Many aspects critical to our lives (e.g. availability of renewable energy resources, electrical patterns in the human heart, and the evolution of global pandemics) are not available for direct measurement. Blending models with measured data lets us make reasonable inferences about the state of a system. When using partial observations with a stochastic model to make rigorous inferences about an evolving system, we call this process stochastic filtering. The choice of the state model plays a crucial role in the applicability of any given stochastic filtering methodology. The proposed research will focus stochastic partial differential equations as state models, as they are some of the most versatile models applied in diverse areas of human endeavour: physics, biology, chemistry, weather prediction, finance, renewable energy and manufacturing, etc.
Practical implementation of stochastic filtering for phenomena modelled by stochastic partial differential equations remains an outstanding challenge. One key question is how to approximate to the "true" description of the state of the system in a computationally feasible way. Particle filters (PFs) are some of the most successful methods for solving the filtering problem, offering a theoretically justified approach to inferences about the state of hidden systems. PFs involve sets of "particles": different realizations of the state model. At regular intervals, the cloud of particles is corrected using partial and noisy observations. In the language of Data Assimilation (DA), evolving particles as realizations of the model is the forecast step, whilst correction using data is the analysis step. PFs have proved immensely successful in engineering applications (for example) provided the state model has small to moderate size. They succeed by processing data sequentially: at the analysis step only the new observations are used, without the need to revisit past observations. It is frequently impossible to process the entire set of data available up to the current time.
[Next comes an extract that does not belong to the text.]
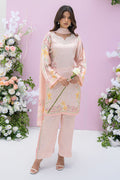 Fatima Khan | Eid Digital Silk Prints | Peach Blossoms - by - Libasekhas UK - Registered Vendor of : Fatima Khan - 100% Original Designer Dresss
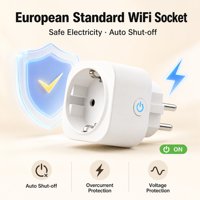 Prise intelligente personnalisable Tuya WIFI EU UK UL 16A avec moniteur d'énergie, commande vocale à distance, prise intelligente de type F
Many challenging real world problems have large model states, with large quantities of observations becoming available at each analysis step. In numerical weather prediction, tens of millions of data measurements occur at each analysis time. This makes each individual analysis step (almost) as hard as processing data nonsequentially. Recently, the PI, CoI and colleagues have researched methodologies that can alleviate this problem, but certainly not overcome it.
We need a new paradigm for developing efficient PFs for these challenging problems. The current paradigm separates the DA mechanism into sequential forecast and analysis steps, describing the PF in a convenient and pedagogical manner. In particular, the evolution of the particles between analysis steps ignores the forthcoming data. In our new paradigm, rather than evolving the particles using a numerical approximation of the stochastic partial differential equation, we advocate "observation informed" trajectories, where the particles are "nudged" in suitably chosen directions. Currently in data assimilation, procedures that move the particles towards observations are adhoc methodologies are not theoretically justified. In contrast, we will develop methodologies that are provably consistent approximations of the filtering problem. Our nudges will perturb the trajectories of the particles to maximise the likelihood of their positions given the observation data. This introduces a bias that is eliminated through the judicious selection of particles. The new methodology will be optimized for stochastic partial differential equations, from fluid dynamics, reactiondiffusion equations, AllenCahn etc.
Our project will deliver the complete pipeline for our paradigm, from theoretical analysis to high performance software implementations that can run on large parallel computers, enabling performance evaluations on challenging benchmarks.